**The data:**

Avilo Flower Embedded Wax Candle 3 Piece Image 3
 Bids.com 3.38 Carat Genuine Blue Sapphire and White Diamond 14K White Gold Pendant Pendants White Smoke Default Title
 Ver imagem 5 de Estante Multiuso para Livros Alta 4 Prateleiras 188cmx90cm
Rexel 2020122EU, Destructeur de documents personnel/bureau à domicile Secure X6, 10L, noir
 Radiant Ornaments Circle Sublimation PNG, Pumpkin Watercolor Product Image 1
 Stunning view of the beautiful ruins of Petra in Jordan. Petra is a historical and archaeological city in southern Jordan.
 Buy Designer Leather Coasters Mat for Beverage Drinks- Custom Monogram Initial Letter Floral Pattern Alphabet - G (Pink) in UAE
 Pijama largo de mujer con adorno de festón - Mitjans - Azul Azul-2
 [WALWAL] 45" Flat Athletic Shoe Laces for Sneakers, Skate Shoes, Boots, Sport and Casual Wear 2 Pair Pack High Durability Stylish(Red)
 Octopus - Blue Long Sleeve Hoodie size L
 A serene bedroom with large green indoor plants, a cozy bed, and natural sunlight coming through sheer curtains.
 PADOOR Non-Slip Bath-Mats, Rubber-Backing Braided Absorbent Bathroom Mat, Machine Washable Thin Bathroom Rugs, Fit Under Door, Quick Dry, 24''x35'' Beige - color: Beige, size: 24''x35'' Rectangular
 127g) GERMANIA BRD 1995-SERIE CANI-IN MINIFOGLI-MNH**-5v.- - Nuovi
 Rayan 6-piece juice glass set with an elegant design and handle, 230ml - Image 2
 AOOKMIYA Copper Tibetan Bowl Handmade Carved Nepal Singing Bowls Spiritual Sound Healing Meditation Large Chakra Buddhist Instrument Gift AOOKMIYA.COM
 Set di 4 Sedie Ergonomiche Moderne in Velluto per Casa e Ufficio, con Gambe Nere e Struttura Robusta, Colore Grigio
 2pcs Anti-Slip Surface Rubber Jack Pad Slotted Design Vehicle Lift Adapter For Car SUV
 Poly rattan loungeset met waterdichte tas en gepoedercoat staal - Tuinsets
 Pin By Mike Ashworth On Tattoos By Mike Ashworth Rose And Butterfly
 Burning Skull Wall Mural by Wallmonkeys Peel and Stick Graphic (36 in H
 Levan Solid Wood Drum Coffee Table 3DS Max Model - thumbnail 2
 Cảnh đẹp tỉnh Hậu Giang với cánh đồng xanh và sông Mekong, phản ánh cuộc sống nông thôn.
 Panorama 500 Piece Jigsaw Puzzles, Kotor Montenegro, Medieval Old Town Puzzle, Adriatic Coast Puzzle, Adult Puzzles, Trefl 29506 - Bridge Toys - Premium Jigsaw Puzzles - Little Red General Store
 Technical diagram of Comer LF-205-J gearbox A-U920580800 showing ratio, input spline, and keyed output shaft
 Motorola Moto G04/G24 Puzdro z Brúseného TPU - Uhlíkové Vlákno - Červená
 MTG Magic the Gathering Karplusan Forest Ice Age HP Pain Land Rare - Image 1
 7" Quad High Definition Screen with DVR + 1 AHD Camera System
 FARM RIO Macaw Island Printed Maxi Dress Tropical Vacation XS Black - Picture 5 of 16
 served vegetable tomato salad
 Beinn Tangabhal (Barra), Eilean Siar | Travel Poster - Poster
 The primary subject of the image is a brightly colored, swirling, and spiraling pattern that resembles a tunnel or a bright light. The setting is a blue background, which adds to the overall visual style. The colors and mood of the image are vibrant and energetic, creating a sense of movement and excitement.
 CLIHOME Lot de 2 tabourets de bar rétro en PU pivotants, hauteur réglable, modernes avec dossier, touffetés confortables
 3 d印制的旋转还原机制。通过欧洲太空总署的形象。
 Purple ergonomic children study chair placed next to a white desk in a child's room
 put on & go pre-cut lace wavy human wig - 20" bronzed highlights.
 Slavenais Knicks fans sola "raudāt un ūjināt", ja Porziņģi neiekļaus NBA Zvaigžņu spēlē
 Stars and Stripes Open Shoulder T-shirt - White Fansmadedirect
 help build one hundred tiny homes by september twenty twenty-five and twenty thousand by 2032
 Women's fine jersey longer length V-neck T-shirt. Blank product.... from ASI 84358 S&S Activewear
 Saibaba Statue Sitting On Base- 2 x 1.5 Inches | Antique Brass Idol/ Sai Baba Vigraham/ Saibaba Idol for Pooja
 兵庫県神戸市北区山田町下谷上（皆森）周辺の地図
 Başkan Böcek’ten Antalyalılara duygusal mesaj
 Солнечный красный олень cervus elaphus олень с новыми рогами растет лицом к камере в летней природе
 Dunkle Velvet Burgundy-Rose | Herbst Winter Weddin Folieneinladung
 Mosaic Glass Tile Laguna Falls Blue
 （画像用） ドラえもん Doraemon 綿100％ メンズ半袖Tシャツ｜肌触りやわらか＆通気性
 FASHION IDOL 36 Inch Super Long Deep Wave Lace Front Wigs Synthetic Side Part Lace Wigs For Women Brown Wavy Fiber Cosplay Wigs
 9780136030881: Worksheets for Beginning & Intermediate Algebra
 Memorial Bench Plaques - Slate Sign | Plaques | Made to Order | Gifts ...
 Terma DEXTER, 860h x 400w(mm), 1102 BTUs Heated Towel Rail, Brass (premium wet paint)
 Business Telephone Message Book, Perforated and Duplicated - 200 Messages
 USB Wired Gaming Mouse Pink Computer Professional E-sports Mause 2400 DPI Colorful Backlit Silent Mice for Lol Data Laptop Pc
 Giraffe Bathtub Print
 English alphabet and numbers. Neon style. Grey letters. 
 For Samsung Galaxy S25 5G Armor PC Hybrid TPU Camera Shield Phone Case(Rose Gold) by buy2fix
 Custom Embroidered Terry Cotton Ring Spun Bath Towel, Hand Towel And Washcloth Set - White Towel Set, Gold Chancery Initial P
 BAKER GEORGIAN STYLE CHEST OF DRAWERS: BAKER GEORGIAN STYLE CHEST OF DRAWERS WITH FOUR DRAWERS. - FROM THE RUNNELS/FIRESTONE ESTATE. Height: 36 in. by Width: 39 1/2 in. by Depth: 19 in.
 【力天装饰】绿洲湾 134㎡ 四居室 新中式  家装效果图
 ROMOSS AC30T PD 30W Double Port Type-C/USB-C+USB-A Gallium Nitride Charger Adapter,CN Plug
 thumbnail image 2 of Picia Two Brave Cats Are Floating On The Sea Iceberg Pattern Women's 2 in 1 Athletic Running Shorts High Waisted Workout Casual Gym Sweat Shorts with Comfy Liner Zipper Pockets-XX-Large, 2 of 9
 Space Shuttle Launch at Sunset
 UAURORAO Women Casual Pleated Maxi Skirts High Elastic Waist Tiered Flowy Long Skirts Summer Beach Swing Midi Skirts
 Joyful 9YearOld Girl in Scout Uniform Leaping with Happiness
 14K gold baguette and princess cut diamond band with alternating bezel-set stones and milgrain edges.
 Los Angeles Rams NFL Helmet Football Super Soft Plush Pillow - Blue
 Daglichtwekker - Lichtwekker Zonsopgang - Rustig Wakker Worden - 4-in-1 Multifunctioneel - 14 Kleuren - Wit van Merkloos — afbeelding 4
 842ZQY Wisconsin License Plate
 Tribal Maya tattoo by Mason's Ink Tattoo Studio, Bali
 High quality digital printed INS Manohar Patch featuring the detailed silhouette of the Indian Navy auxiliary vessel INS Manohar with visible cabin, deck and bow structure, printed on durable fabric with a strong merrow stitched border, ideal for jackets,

**Problem statement:** Copy the stretch of the records above that runs from the line with "Pijama largo de" through the line with "Technical diagram of". Both end lines belong in the copy, and nothing else does.

**Response:**
 Pijama largo de mujer con adorno de festón - Mitjans - Azul Azul-2
 [WALWAL] 45" Flat Athletic Shoe Laces for Sneakers, Skate Shoes, Boots, Sport and Casual Wear 2 Pair Pack High Durability Stylish(Red)
 Octopus - Blue Long Sleeve Hoodie size L
 A serene bedroom with large green indoor plants, a cozy bed, and natural sunlight coming through sheer curtains.
 PADOOR Non-Slip Bath-Mats, Rubber-Backing Braided Absorbent Bathroom Mat, Machine Washable Thin Bathroom Rugs, Fit Under Door, Quick Dry, 24''x35'' Beige - color: Beige, size: 24''x35'' Rectangular
 127g) GERMANIA BRD 1995-SERIE CANI-IN MINIFOGLI-MNH**-5v.- - Nuovi
 Rayan 6-piece juice glass set with an elegant design and handle, 230ml - Image 2
 AOOKMIYA Copper Tibetan Bowl Handmade Carved Nepal Singing Bowls Spiritual Sound Healing Meditation Large Chakra Buddhist Instrument Gift AOOKMIYA.COM
 Set di 4 Sedie Ergonomiche Moderne in Velluto per Casa e Ufficio, con Gambe Nere e Struttura Robusta, Colore Grigio
 2pcs Anti-Slip Surface Rubber Jack Pad Slotted Design Vehicle Lift Adapter For Car SUV
 Poly rattan loungeset met waterdichte tas en gepoedercoat staal - Tuinsets
 Pin By Mike Ashworth On Tattoos By Mike Ashworth Rose And Butterfly
 Burning Skull Wall Mural by Wallmonkeys Peel and Stick Graphic (36 in H
 Levan Solid Wood Drum Coffee Table 3DS Max Model - thumbnail 2
 Cảnh đẹp tỉnh Hậu Giang với cánh đồng xanh và sông Mekong, phản ánh cuộc sống nông thôn.
 Panorama 500 Piece Jigsaw Puzzles, Kotor Montenegro, Medieval Old Town Puzzle, Adriatic Coast Puzzle, Adult Puzzles, Trefl 29506 - Bridge Toys - Premium Jigsaw Puzzles - Little Red General Store
 Technical diagram of Comer LF-205-J gearbox A-U920580800 showing ratio, input spline, and keyed output shaft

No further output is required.